To program and design programs according to the object-oriented programming method, you need to understand clearly about 4 properties: encapsulation, abstraction, inheritance, and polymorphism.

1: Abstraction (Abstraction)

Abstraction simplifies the information in an object. It allows us to communicate with the components of the object without needing to know how those components are built up.

For example: When you ride a scooter, the action of accelerating helps the vehicle to speed up. At that time, the function of accelerating is abstract. Users only need to know to twist it to accelerate without knowing how the acceleration principle of the vehicle works.

When writing a program in an object-oriented way, the design of the object will be distilled into common features. Then, those features will be abstracted into interfaces and designed to see how they will interact with each other.

2: Encapsulation (Encapsulation)

Related data and methods will be encapsulated into classes for convenient use and management. That is, each class will be built to perform a group of its own class's characteristic functions.

Besides, encapsulation allows hiding the information of the object by combining information and methods related to the information for the object.

This property is similar to reality, you cannot know the real attributes of them unless they express it (such as personality, hobbies, other private information, etc.). That person may tell you that they like roses, like to eat fish, are 20 years old, etc., but that may not be their real attribute. Similar to getters not returning the real value of the attribute but giving a different value.

Advantages of encapsulation:

  • Limits invalid access to the object's attributes.
  • Helps keep the state of the object correct.
  • Hides unnecessary information of the object.
  • Allows changes to the internal structure of the class without affecting other classes.

3: Inheritance (Inheritance)

When programming, you will see many cases where many objects share certain attributes and methods.

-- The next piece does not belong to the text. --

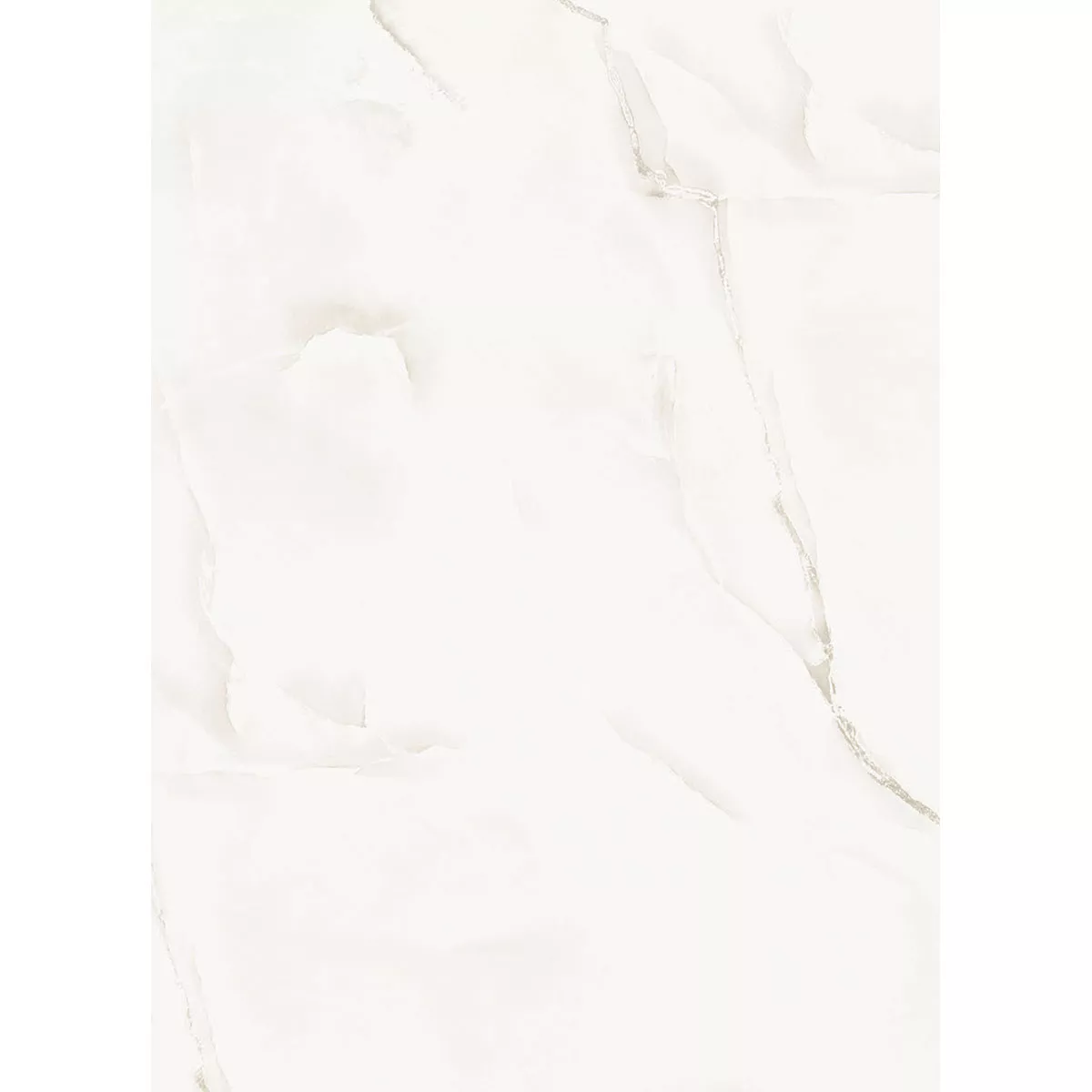 Padlólapok Konza Márvány Megjelenés Csiszolt Csillogó Fehér 60x120cm Padlólapok Konza Márvány Megjelenés Csiszolt Csillogó Fehér 60x120cm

For example: You write a program to save information for students & teachers. Students need to save name, age, address, test scores; teachers save name, age, address, number of teaching sessions, salary, etc. So there will be duplicate code in the same attributes (specifically like name, age, address or both setter, getter, etc.). This also violates one of the most basic principles of programming, which is DRY – Don’t Repeat Yourself (never repeat code).

Thanks to inheritance, this problem will be solved. Inheritance in object-oriented programming will inherit the attributes and methods of a class. That is, if class A inherits class B, it will have the attributes and methods of class B.

4: Polymorphism (Polymorphism)

Polymorphism is understood as in each situation, each case, objects will play different roles.

For example: A person in the company has the

 role of an employee, shopping is a customer, going to school is a student, etc. The same person but in each situation will have a different role. This is an example of polymorphism in reality.

In programming, an object or method will have more than one form or is polymorphic. Polymorphism will be displayed in 3 forms:

  • Method overloading: For example, adding two integers (1+2), adding two real numbers (2.1+ 2.2) and adding three integers (1+2+3). All are adding integers or adding 2 numbers but 3 results are different, specifically 3, 4.3 and 6.
  • Method overriding: This form is often used to calculate salary for objects. Each object will have a different way of calculating and a different result.

Through polymorphic objects: You can imagine the variables of the parent class as polymorphic, when referring to the object of the child class will also be polymorphic.

What are the Advantages of Object-Oriented Programming?

From the analysis of the characteristics above, you will also see that object-oriented programming has many advantages such as:

Inheritance helps the process of describing eliminate repetitive, redundant programs. It helps expand the usability of classes without needing to be performed again, optimizing and reusing code effectively.

  • Shortens the system construction time, increases productivity.
  • Objects and classes appear to address the shortcomings of the structured programming method, while also helping to better represent the real world on computers.